Thanks Jason for updating my blog, as I had forgotten to before I left!
The past few days, I had the unique opportunity to participate in a Residential Camp Tour. Each year, the New York American Camping Association (ACA) organizes a tour of overnight camps (similar to ours). Over 40 camp directors were present for a 2-day, 6-camp tour in the Berkshires, up in Massachusetts.
So, on Monday night I headed out for a long drive up to this beautiful part of the country. Tuesday, we toured three great residential camps. Each camp had its own unique character to it. The camps in the Berkshires generally are single-sex (boys or girls camp, not co-ed like ours) and typically are built on a portion of large public lakes. I admit, they are bigger than Lake Lenape, however they are public and that means they have neighbors who also use the lake for boating and can possibly gain access to the camp that way. Clearly, we would rather have our own private lake, than be on a public lake!
It is so valuable to spend 2 straight days walking around other camps. Besides the very necessary exercise that it provided to me (after eating here at Canadensis for 5.5 months with a baker!), it’s really neat to see what other camps are doing. See what they are building new, see what programs they are putting their resources into, get new ideas for programs, etc. One thing I noticed is that nobody has our glass fusion program and in fact their arts centers are typically smaller without a center courtyard/wraparound porch! However, I don’t want this post to be about knocking other camps, because they were each beautiful in their own special ways.
The truth is, all camps are in the same industry and so in reality we all support each other. We each find our niche and attract campers for different reasons, but the important thing is that we are all running safe, fun programs and that more and more families see the benefits that the camping industry can provide to kids. Some of the camps I visited had a few less campers this summer due to the economy, while some saw growth based on changes they made (ie- new buildings, becoming a 2 session camp instead of just offering a 7-week session, etc.)
Further, it was refreshing to talk with other camp directors and owners who went through very similar challenges to us this past summer. Be it the rain, or the threat of swine flu for example, we all collaborated on what we did right and perhaps what we could have done better in hindsight. I truly enjoyed the opportunity to meet with many well-known camp directors/owners and hear their take on Summer 2009 and even more importantly, what they are doing to prepare for an even better Summer 2010!

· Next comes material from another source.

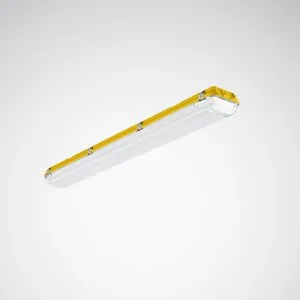 Waterdichte armaturen Acquex Diffuser ET 44W Noodverlichting Lambertia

On a personal note, I am headed home from camp today to be with my family and spend the first 2 days of Rosh Hashanah. On my way home, I will be picking up Robin from the airport, as she is headed up north! Sunday, I will be returning to camp and on Monday we say goodbye to our wonderful postcamp staff/remaining kitchen staff and finally, on Tuesday, I HEAD BACK TO CIVILIZATION! That’s right- on Tuesday I move back to my condo in Philly, which I haven’t seen in about 6 months. I get to sleep late, cook my own meals- oh wait, that means I also have to wash the dishes! Actually, I also don’t get to sleep late, because on Wednesday, I will begin working from our brand-new office in Plymouth Meeting. But, don’t feel bad for me, because then it’s a week in Florida after that. So, alot of traveling as usual the next few weeks.
Stay tuned for a postcamp Winter Edition of Canadensis Today as we officially say goodbye to Summer 2009 with our remaining staff members.
L’shanah Tovah to all of our camp families and a very Happy and Healthy New Year.